Clicking the **resolve conflict** button will resolve the conflict if the labels are consistent.

![alt text](https://github.com/muctadir/lama/blob/main/images/SS7M.png?raw=true)

### Advanced features

For a full list of features we refer the reader to the **Software User Manual (SUM)**, below we will briefly describe some of the more important advanced features for common use cases.

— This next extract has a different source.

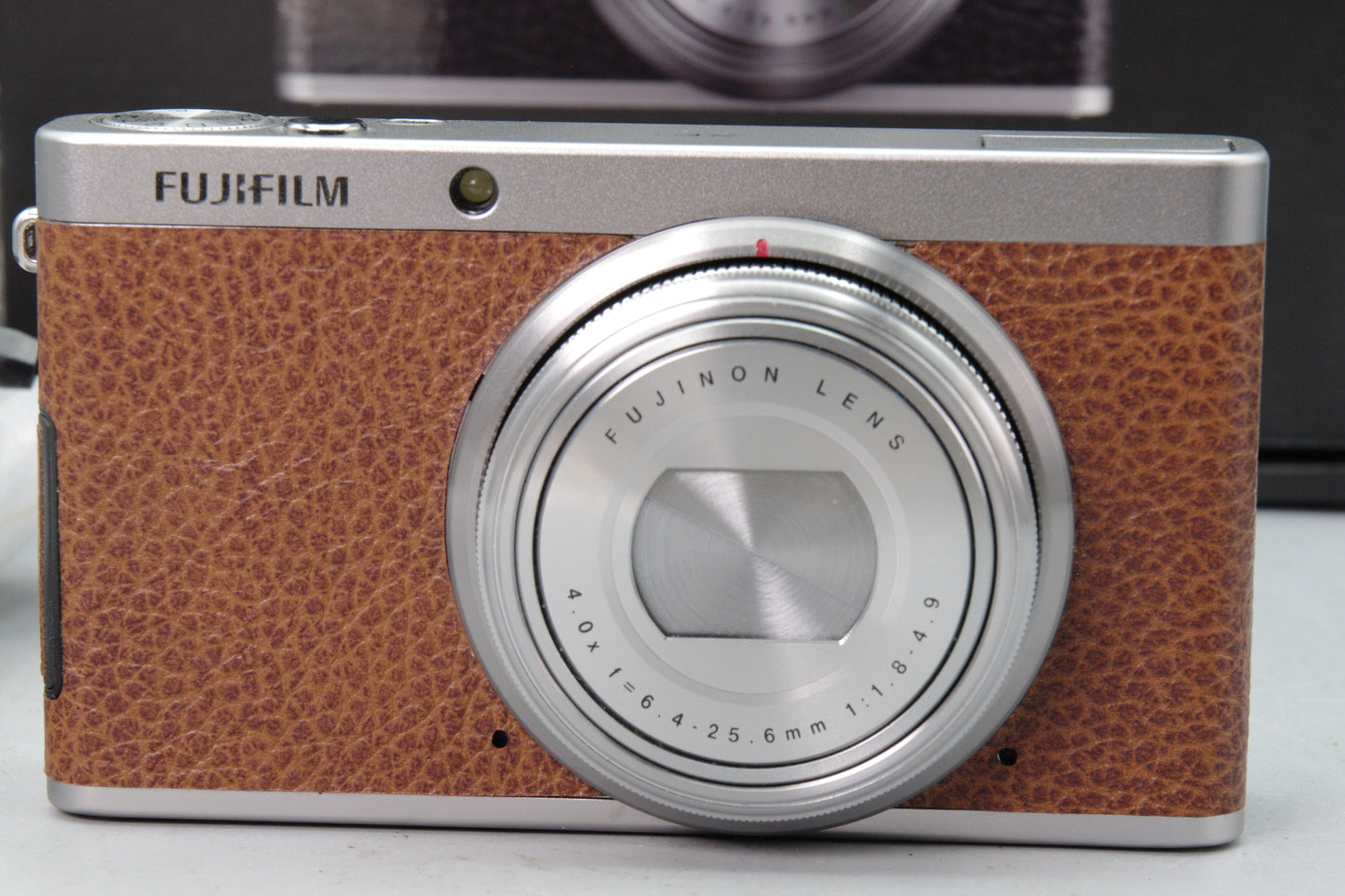 Fujifilm XF1 12MP Digital Camera – Boxed – Tested – Excellent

* Artifacts can be viewed on the **artifact management page**. Additional info about labels given to artifacts can be seen by clicking on an artifact.
* Segments from an artifact can be transformed into a new artifact, this operation is referred to as **"split"**. Splitting of artifacts is done by highlighting the portion of the artifact to be split on the labelling page, and then clicking the **scissor icon** in the top right.
* The label management page displays all labels in a project, changes can be made to labels, such as editing names, merging labels.
* Themes can be created to provide a logical grouping of labels, allowing for better analysis. Themes are created on the **theme management page**. Labels are assigned to themes on the label management page, or the theme management page.
* Themes can be logically grouped with other themes to create a hierarchical view of the elements within a project.
* Artifacts, labels and themes store change history. This can be inspected by clicking the **clock icon** when viewing the aforementioned elements.
* Various project **statistics** can be viewed on the statistics page. The user can navigate to the statistics page using the navigation menu on the left side of the screen.
* The hierarchy and status of labels and themes can be visualized by clicking the **Theme hierarchy** button on the theme management page. A visualization will be displayed showing how the different elements are related to another, and their current status.

## Testing

### Frontend testing
1. Navigate to the frontend folder on the terminal
2. To install the required libraries run the command:
```
npm install
```
2. After this command has executed succesfully, run the front-end test cases using the command:

```
ng test
```

### Backend testing

1. Navigate to the backend folder on the terminal
2. To install the required dependencies run the command:
```
pip install -r requirements.txt
```
3. After this command has executed succesfully, run the back-end test cases using the command:
```
pytest -rA
```
(if pytest has not been added to your path, instead run: python -m pytest -rA)

## Citing this work

Please use the following Bibtex for citing this work.

```
@article{lama2023,
author = {Victoria Bogachenkova and Eduardo Costa Martins and Jarl Jansen and Ana-Maria Olteniceanu and Bartjan Henkemans and Chinno Lavin and Linh Nguyen and Thea Bradley and Veerle Fürst and Hossain Muhammad Muctadir and Mark van den Brand and Loek Cleophas and Alexander Serebrenik},
title = {LaMa: a thematic labelling web application},
journal = {Journal of Open Source Software},
doi = {10.21105/joss.05135},
url = {https://doi.org/10.21105/joss.05135},
year = {2023},
publisher = {The Open Journal},
volume = {8},
number = {85},
pages = {5135}
}
```

## Acknowledgements

LaMa was developed based on a web application called [Labeling Machine](https://github.com/muctadir/labeling-machine), which is forked from an earlier version of the [Labeling Machine](https://github.com/emadpres/labeling-machine). Development of LaMa was partially funded by NWO (the Dutch national research council) under the NWO AES Perspective program (Digital Twin), project code P18-03 P3. We acknowledge the contribution of the nine bachelor students from [Eindhoven University of Technology, the Netherlands](https://www.tue.nl) V. Bogachenkova, T. Bradley, E.J. Costa Martins, V. Fürst, B. Henkemans, J.L.O. Jansen, L.C. Lavin, L.V. Nguyen, and A. Olteniceanu, who contributed to this project significantly as part of their final project of the bachelors program in computer science.